I remember the day I brought Oscar home from a local Miniature Schnauzer breeder. It was a warm, early-June Saturday morning. Kevin was at work and I was nervous. We had moved into our house and put down brand new carpet the previous summer and I dreaded the thought of pee and poop everywhere!
Yet, I had wanted to get a dog and I knew that puppies needed training. Oscar was a quick learner and we received a lot of great advice from my parents who had been raising Oscar's uncle for a few years already
Oscar has been a faithful dog. He has tolerated the birth of one baby and then another and then another. He has never complained. He has never acted out. He has never waivered from his responsibilities. He even put up with his toenails being painted hot pink last summer, just because we were bored.
In his geriatric state, Oscar has taken on a not-so-pleasant scent requiring, much to his chagrin, more frequent baths. He makes more noise these days too, however, not in the way of barking. He grunts and groans, but not in a way that would suggest he's in pain or discomfort. This has simply become who he is.
If he's not following me around the house or pacing circles around the kitchen island, Oscar can generally be found in one of two places...
His bed in the kitchen under the desk, or,
Under mine and Kevin's bed, usually on Kevin's side. I don't know if that part is intentional or if it's just happened out that way.
I will admit that, with the birth of each child, I became more distant with and even more irritated by Oscar at times. I'd get angry, for example, that it's raining outside, I have a baby crying or children fighting and I've let Oscar out and now I can't find him. When he finally does make himself visible I then have wet, muddy paws to clean. All four of them! It seems trivial now, but in the moment, it likely felt like the end of the world.

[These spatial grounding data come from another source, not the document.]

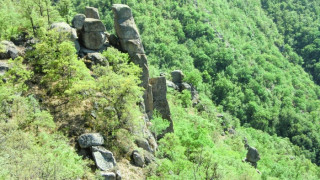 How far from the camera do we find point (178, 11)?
157000 millimetres

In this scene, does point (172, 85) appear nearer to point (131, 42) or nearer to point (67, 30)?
point (131, 42)

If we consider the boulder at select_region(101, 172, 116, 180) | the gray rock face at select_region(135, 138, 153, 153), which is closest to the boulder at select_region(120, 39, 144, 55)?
the gray rock face at select_region(135, 138, 153, 153)

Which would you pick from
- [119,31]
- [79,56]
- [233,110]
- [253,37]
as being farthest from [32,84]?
[253,37]

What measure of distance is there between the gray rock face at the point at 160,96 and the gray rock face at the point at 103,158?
18418mm

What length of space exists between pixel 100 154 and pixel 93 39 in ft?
63.3

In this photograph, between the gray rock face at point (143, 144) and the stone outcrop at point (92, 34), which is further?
the stone outcrop at point (92, 34)

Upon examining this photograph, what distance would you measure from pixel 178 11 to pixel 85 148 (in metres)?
133

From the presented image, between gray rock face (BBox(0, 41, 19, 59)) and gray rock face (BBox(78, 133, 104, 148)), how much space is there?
15401 mm

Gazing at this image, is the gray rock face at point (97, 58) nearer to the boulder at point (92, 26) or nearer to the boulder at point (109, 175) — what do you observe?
the boulder at point (92, 26)

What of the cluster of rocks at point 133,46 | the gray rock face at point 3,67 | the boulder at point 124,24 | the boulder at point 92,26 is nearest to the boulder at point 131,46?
the cluster of rocks at point 133,46

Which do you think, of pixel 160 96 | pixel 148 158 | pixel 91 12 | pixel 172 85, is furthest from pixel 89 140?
pixel 172 85

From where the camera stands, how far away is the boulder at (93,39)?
44812 millimetres

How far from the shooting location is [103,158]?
Result: 32.1m

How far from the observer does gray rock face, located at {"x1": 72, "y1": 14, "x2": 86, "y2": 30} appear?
45125 millimetres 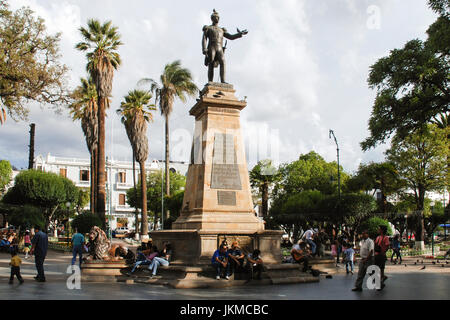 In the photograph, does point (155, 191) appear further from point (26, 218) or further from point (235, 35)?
point (235, 35)

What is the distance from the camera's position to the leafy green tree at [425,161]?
1335 inches

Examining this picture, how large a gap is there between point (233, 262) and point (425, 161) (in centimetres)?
2814

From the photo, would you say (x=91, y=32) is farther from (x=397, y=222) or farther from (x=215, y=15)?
(x=397, y=222)

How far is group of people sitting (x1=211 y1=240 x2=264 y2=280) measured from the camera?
11.6 meters

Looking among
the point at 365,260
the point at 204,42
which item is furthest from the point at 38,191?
the point at 365,260

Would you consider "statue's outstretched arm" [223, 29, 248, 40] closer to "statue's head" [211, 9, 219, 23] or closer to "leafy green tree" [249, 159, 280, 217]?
"statue's head" [211, 9, 219, 23]

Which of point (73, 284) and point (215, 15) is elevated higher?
point (215, 15)

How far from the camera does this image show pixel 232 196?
14109mm

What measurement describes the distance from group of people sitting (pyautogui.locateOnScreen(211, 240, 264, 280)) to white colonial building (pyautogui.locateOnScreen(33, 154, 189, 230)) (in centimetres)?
5299

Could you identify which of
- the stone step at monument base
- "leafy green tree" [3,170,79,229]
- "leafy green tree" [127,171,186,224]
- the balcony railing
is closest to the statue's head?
the stone step at monument base

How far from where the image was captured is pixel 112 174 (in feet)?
228

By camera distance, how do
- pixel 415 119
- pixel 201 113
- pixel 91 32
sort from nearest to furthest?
pixel 201 113 → pixel 415 119 → pixel 91 32
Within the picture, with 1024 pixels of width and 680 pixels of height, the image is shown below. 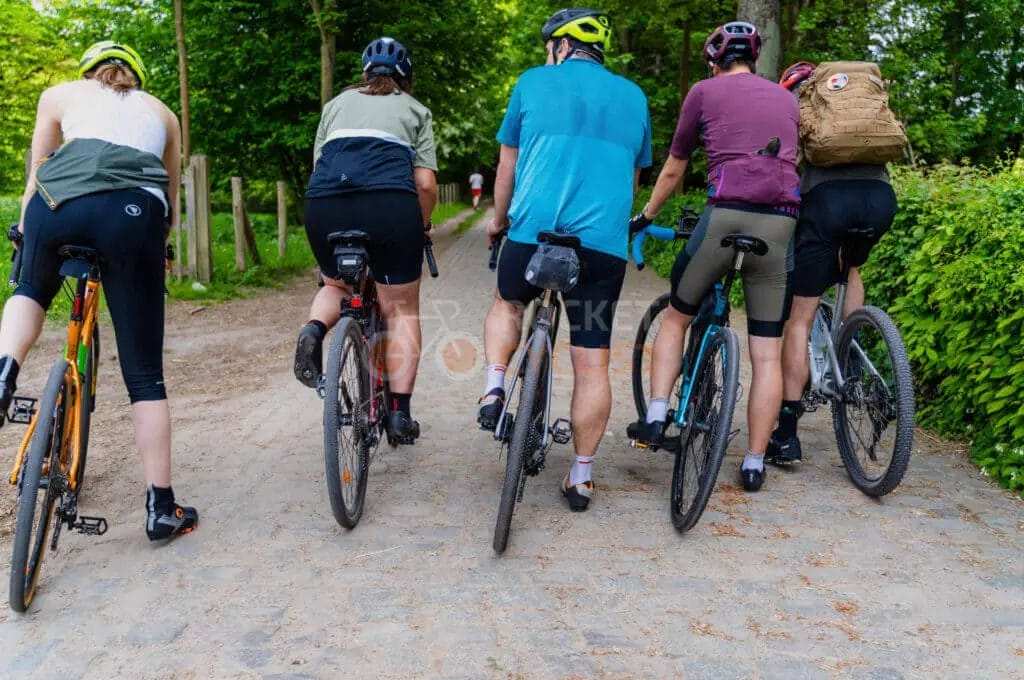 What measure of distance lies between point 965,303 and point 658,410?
1.99 metres

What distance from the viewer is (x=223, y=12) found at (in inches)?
760

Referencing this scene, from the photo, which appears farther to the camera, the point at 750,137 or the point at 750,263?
the point at 750,263

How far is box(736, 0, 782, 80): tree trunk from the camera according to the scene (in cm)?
1029

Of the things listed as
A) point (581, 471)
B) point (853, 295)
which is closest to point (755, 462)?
point (581, 471)

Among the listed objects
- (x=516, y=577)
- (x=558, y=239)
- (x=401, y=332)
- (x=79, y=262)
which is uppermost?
(x=558, y=239)

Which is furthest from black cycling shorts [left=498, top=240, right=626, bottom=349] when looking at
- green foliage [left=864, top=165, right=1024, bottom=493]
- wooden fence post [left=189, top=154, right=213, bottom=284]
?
wooden fence post [left=189, top=154, right=213, bottom=284]

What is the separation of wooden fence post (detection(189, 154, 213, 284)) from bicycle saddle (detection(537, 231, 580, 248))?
8299mm

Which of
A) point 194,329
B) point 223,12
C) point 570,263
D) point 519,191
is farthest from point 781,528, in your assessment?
point 223,12

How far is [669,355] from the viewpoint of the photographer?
4512mm

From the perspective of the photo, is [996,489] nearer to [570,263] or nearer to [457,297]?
[570,263]

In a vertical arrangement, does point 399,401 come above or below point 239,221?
above

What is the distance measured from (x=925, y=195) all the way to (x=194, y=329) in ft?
21.9

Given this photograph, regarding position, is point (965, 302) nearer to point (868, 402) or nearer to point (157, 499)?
point (868, 402)

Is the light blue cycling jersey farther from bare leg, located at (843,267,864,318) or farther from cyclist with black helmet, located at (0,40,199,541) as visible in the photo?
bare leg, located at (843,267,864,318) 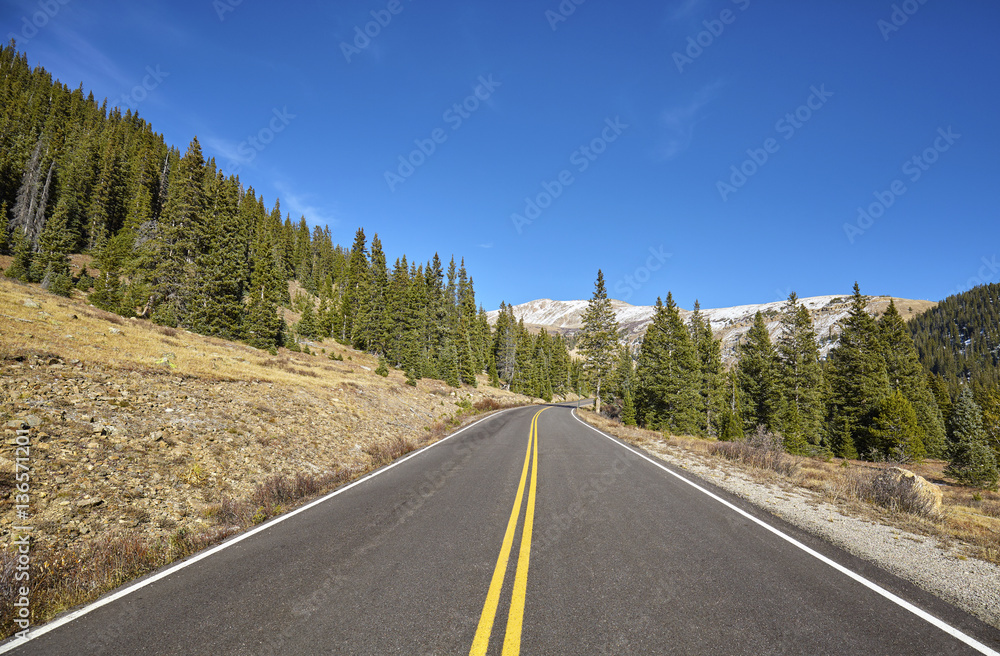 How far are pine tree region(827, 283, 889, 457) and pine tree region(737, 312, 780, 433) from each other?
5.07 m

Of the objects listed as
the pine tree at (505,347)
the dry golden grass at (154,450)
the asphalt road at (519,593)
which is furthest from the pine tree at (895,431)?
the pine tree at (505,347)

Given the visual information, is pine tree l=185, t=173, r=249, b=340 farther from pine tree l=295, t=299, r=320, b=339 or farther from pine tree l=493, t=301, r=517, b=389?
pine tree l=493, t=301, r=517, b=389

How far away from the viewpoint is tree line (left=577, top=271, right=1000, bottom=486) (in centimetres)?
3111

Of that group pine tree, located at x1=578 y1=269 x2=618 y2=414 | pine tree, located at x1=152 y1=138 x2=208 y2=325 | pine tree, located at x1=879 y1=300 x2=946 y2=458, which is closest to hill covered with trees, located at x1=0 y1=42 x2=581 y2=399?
pine tree, located at x1=152 y1=138 x2=208 y2=325

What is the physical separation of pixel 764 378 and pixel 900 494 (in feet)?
110

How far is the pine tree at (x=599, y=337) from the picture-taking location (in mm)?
44531

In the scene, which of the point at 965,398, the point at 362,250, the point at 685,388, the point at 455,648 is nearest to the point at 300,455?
the point at 455,648

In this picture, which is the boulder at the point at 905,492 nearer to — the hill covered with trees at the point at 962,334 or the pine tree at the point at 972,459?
the pine tree at the point at 972,459

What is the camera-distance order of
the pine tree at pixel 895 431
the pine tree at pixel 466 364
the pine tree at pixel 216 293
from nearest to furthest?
the pine tree at pixel 895 431 < the pine tree at pixel 216 293 < the pine tree at pixel 466 364

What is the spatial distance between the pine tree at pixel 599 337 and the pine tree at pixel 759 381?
43.0 feet

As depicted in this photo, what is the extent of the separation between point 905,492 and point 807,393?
34056 millimetres

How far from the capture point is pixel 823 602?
4.06 meters

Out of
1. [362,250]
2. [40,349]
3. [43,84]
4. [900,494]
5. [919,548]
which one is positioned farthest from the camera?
[43,84]

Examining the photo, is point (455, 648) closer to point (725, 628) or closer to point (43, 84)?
point (725, 628) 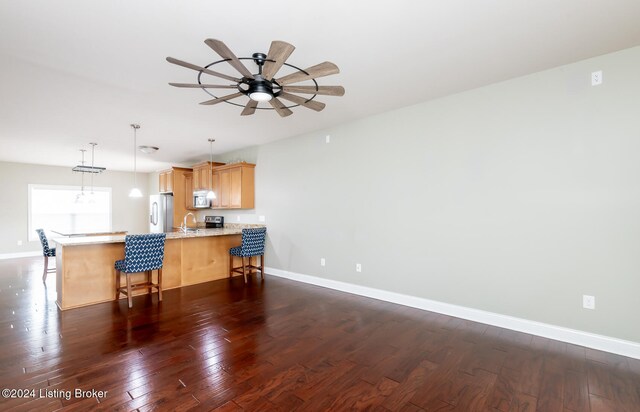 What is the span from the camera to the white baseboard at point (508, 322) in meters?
2.58

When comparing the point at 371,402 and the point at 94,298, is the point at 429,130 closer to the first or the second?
the point at 371,402

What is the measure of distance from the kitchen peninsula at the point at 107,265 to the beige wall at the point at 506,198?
2.11 m

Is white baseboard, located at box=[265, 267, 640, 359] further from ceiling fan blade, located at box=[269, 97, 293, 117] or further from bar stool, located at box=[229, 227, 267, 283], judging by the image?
ceiling fan blade, located at box=[269, 97, 293, 117]

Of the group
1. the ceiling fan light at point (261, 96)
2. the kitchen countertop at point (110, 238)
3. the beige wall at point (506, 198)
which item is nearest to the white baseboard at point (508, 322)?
the beige wall at point (506, 198)

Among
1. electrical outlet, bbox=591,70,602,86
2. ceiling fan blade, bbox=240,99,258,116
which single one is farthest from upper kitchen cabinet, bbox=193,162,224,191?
electrical outlet, bbox=591,70,602,86

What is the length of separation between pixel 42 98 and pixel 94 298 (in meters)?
2.55

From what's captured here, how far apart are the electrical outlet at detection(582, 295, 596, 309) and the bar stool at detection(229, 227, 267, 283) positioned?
4353 mm

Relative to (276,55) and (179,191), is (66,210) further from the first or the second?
(276,55)

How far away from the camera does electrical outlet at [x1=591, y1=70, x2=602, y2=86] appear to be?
2.68m

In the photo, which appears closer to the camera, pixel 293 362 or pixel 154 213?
pixel 293 362

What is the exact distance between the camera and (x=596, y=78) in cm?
270

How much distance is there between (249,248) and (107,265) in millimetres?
2016

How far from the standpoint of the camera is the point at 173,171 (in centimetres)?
727

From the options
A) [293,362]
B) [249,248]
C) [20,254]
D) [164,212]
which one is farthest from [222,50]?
[20,254] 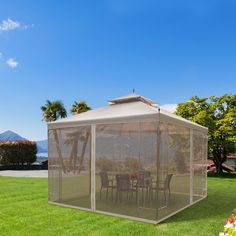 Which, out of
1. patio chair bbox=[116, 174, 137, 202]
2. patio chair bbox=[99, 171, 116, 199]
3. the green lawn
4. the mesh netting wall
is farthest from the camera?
patio chair bbox=[99, 171, 116, 199]

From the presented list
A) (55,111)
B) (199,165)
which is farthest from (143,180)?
(55,111)

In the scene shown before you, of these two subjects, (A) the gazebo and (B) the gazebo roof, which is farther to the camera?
(A) the gazebo

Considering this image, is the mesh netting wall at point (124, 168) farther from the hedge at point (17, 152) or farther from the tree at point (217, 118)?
the hedge at point (17, 152)

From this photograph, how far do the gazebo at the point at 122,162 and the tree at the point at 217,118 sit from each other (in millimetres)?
9205

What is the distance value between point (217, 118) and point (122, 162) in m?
13.2

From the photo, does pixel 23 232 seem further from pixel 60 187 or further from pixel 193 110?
pixel 193 110

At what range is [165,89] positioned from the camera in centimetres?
2008

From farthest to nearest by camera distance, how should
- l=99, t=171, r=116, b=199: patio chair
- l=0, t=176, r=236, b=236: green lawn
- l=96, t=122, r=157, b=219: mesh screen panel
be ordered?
l=99, t=171, r=116, b=199: patio chair, l=96, t=122, r=157, b=219: mesh screen panel, l=0, t=176, r=236, b=236: green lawn

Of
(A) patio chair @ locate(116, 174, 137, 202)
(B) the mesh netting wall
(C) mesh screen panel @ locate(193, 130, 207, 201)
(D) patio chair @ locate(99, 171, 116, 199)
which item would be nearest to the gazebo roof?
(B) the mesh netting wall

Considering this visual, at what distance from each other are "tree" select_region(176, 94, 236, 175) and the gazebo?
362 inches

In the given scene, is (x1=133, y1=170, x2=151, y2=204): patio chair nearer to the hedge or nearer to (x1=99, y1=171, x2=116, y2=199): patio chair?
(x1=99, y1=171, x2=116, y2=199): patio chair

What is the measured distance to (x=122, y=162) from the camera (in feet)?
27.1

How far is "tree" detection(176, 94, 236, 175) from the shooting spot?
18266 mm

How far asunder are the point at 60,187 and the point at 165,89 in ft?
42.2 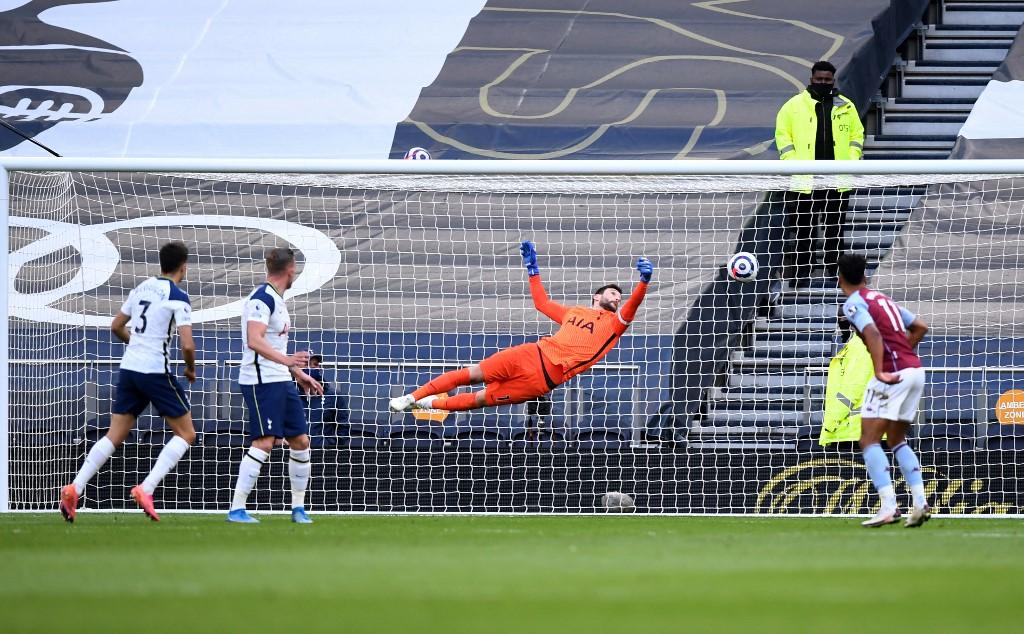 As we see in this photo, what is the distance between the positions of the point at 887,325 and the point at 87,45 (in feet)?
39.3

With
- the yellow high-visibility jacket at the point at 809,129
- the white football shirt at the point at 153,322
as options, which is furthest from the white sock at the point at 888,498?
the white football shirt at the point at 153,322

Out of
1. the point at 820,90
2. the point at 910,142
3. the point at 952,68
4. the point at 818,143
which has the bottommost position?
the point at 818,143

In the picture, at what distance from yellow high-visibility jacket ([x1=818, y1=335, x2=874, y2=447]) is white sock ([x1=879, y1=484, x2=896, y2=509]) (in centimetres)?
175

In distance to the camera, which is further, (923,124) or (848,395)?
(923,124)

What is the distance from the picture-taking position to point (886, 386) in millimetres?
7770

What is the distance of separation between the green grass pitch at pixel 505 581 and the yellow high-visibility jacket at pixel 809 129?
4.91m

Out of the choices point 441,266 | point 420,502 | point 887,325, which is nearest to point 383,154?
point 441,266

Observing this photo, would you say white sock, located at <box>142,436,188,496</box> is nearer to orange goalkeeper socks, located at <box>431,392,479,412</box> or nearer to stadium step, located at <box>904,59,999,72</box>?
orange goalkeeper socks, located at <box>431,392,479,412</box>

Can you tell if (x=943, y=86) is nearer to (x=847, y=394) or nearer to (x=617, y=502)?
(x=847, y=394)

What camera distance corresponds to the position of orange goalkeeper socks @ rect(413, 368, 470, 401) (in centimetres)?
1014

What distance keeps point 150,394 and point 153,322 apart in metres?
0.44

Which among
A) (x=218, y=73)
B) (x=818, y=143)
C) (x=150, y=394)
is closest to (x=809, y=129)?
(x=818, y=143)

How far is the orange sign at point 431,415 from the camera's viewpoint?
36.4ft

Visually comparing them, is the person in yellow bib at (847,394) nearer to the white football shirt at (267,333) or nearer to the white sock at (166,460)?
the white football shirt at (267,333)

Now that I haven't had a baby around for a while, I find myself drawn to Oscar more these days. Perhaps I feel some guilt over those years when I treated him like he was in the way. Yet another dependant in my life. He wants for nothing but to be fed and given a clean drink of water, to be let out when nature calls and to receive the occasional kind words and scratch of the ears.
I know the day will come when Oscar's life on earth comes to an end and it will be a sad day for our family. It will be a teachable moment for our children and one that will help them grow and learn about coping with one of life's many disappointments.
Until then, I'll continue to enjoy watching Oscar sit on the front stair steps as the late morning sunlight pours in
on his skin until he lays there, panting, with his little pink tongue hanging out. I'll continue to watch how excited Oscar still gets when he sees that my Dad is at the door, here to spoil him like only my Dad can do. And I will continue to bake him the peanut butter treats that still make his little stub of a tail wag.